Beginning with the line that contains "Fahrzeug-Graffiti IFOR-SFOR-EUFOR" and ending with the line that contains "Sôi động các", reproduce the lines of the entries below exactly, omitting pictures.
*** RECORDS SHOWN ***
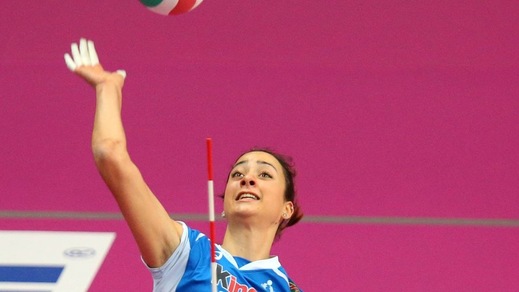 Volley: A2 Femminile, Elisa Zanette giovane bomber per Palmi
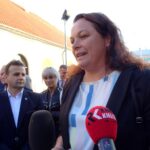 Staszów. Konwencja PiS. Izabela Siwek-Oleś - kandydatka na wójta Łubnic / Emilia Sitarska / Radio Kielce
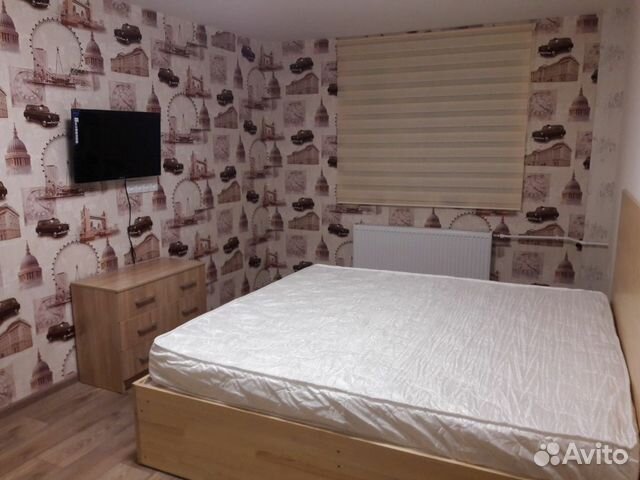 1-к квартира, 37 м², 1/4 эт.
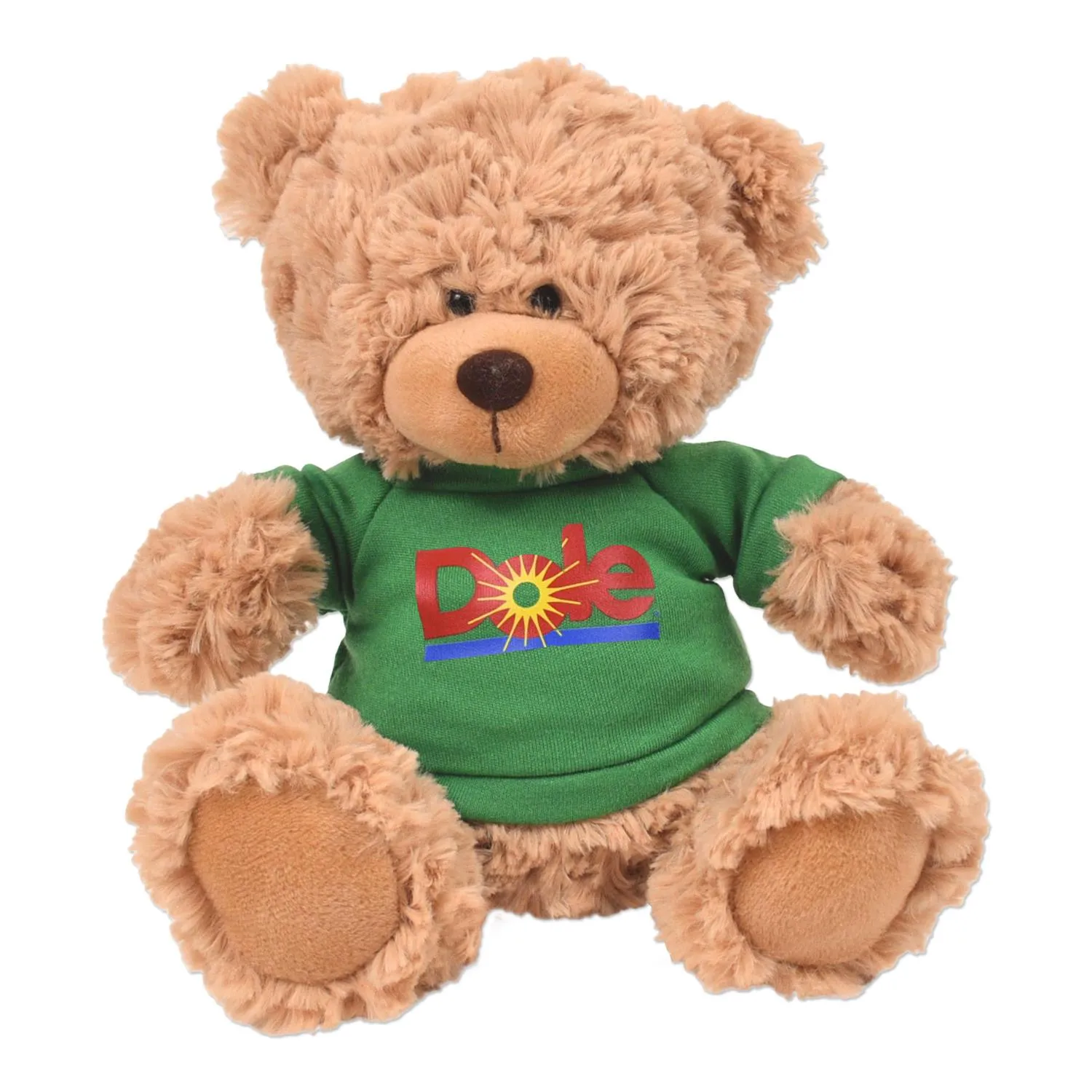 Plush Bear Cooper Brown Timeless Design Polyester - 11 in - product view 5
***
*** RECORDS SHOWN ***
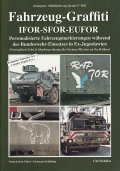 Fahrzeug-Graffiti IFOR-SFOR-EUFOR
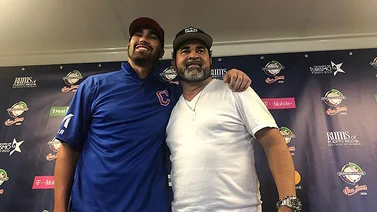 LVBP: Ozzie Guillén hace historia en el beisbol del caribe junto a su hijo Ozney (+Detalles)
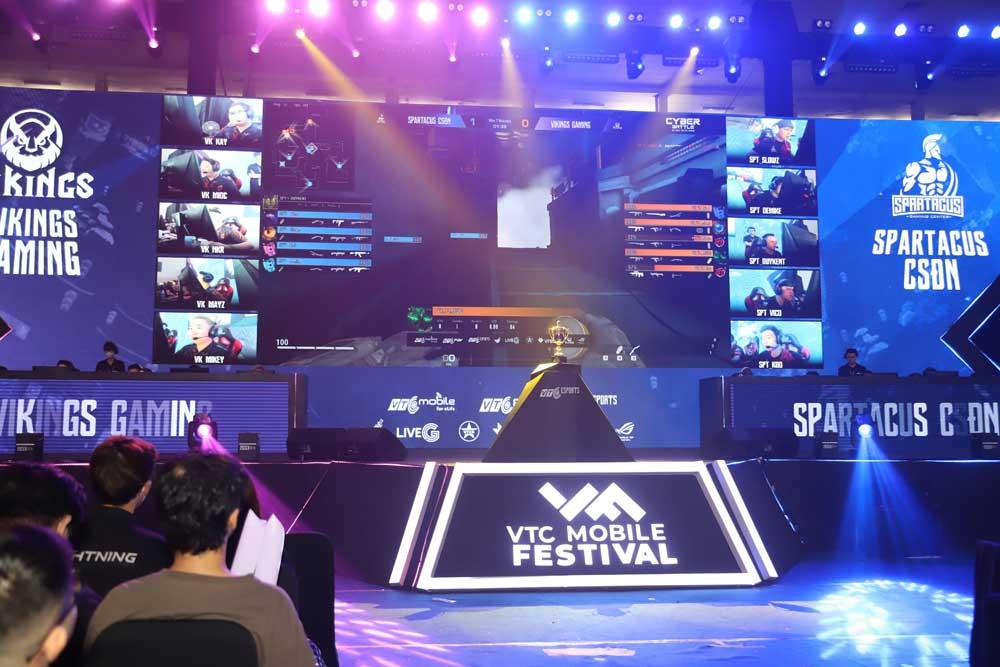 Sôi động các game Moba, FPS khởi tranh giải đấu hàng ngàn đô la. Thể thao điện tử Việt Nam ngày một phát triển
***
* EXERCISE ANSWER
 Fahrzeug-Graffiti IFOR-SFOR-EUFOR
 LVBP: Ozzie Guillén hace historia en el beisbol del caribe junto a su hijo Ozney (+Detalles)
 Sôi động các game Moba, FPS khởi tranh giải đấu hàng ngàn đô la. Thể thao điện tử Việt Nam ngày một phát triển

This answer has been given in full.